Tuesday, June 22, 2010

Baseball rocked!

Well we didn't win but I'm not sure how that happened.

We played amazing!!! I got home twice (ran my ass off)...although the second time doesn't count as we had 2 out and they got a runner out at second just as I crossed the finish line...I crossed and then I heard out at second...so that kinda sucks. I was breathless cause I ran hard and it didn't even count :( But it still felt great to not be out on my account.

Also our team got 2 double plays last night (better than my hubby's team ;) )! AND we mercied them in the second inning! We would have won if there was no mercy rule. We got our 7th run in and they called mercy as the other 3 people were on their way to home...it was well out there and it would have been awesome to count those other 3 runs...that and we mercied them with only 1 out that inning. We ended up losing 11-8. But as far as I'm concerned it was a great game! We had a blast. And the captain's hubby/boyfriend was there and he had us all doing the wave and cheering from the bench it was hilarious. Only 1 bad thing last night...the sheer amount of mosquitoes!!! We were batting in the outfields or at least it felt that way...swatting all the time.

Today it's raining and glum out but I'm not letting that stop me. Nor am I letting the fact that I slept in today and didn't get my exercise in stop me. I WILL EXERCISE TONIGHT!!!!!!!!!!

Taking charge now!!!! It's what I've gotta do...otherwise I'll just end up back being miserable again...and really who wants that!

Monday, June 21, 2010

ummm so yeah

yup I did 2 days of the 30 day shred and then dropped the ball...well the first day was Becca taking forever in the bath and then I didn't have time for my workout before going to work. So lesson learned is that if I don't work out in the morning...it just doesn't happen.
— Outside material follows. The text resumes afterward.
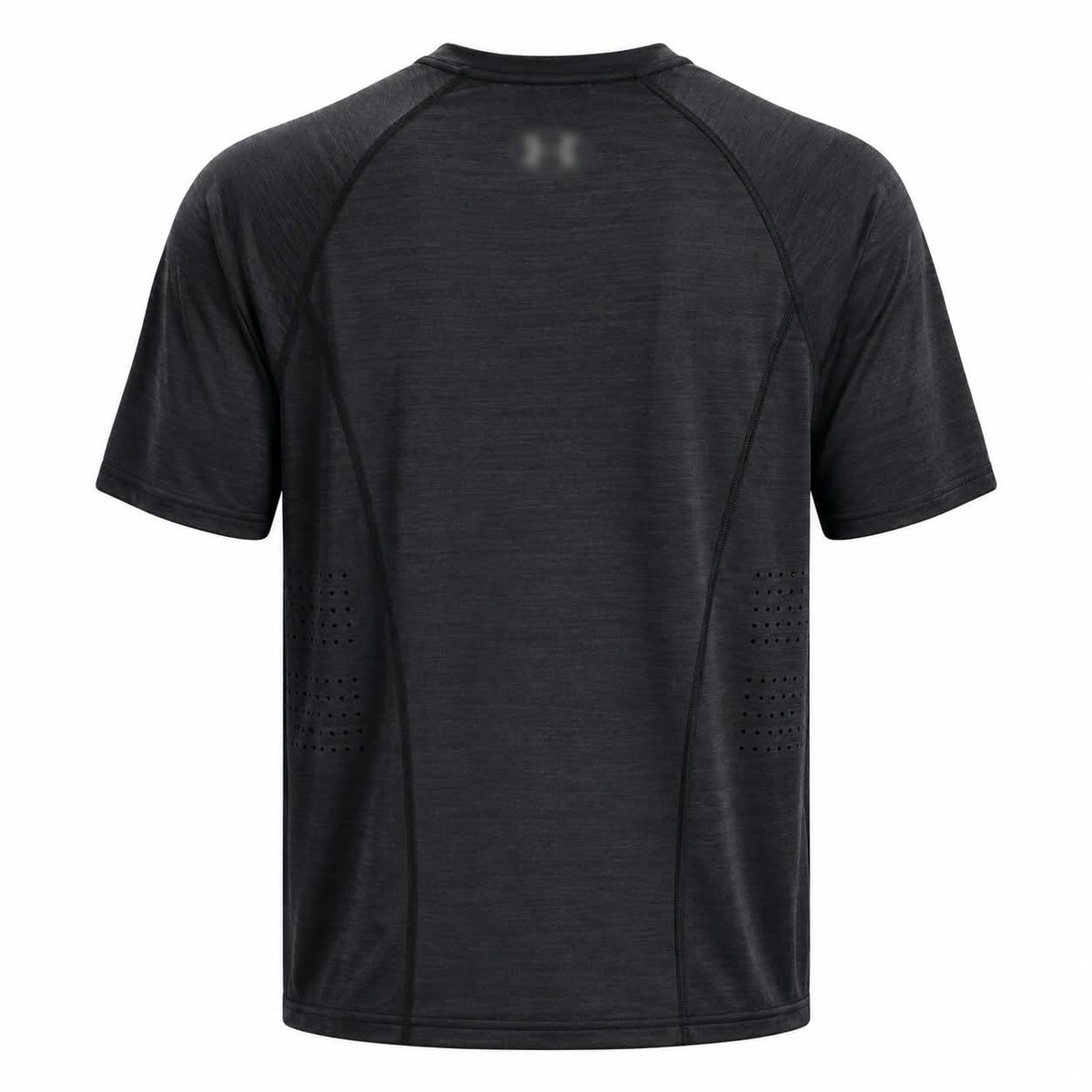 Men's Dri-Fit T-Shirt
I was active a lot this weekend...made a lot of use of the pool :) However I don't think floating and splashing is exercise LOL. And we went to the movies and out for dinner, etc,etc. So the food part of things was off as well...and as usual didn't get hardly any fluids in on the weekend. It's not just water...I just tend not to drink anything for most of the weekend. I forget to really.

So I'm sitting here at my desk drinking my water and blogging hoping it will re-motivate me again. I was so motivated after my freak out last week. And it's not like I feel I can't do it or anything now...I know I can. I'm just complacent and that's that dangerous area to be in this journey. So before I go downward spiralling I'm recognizing the complacency and focusing on my food intake.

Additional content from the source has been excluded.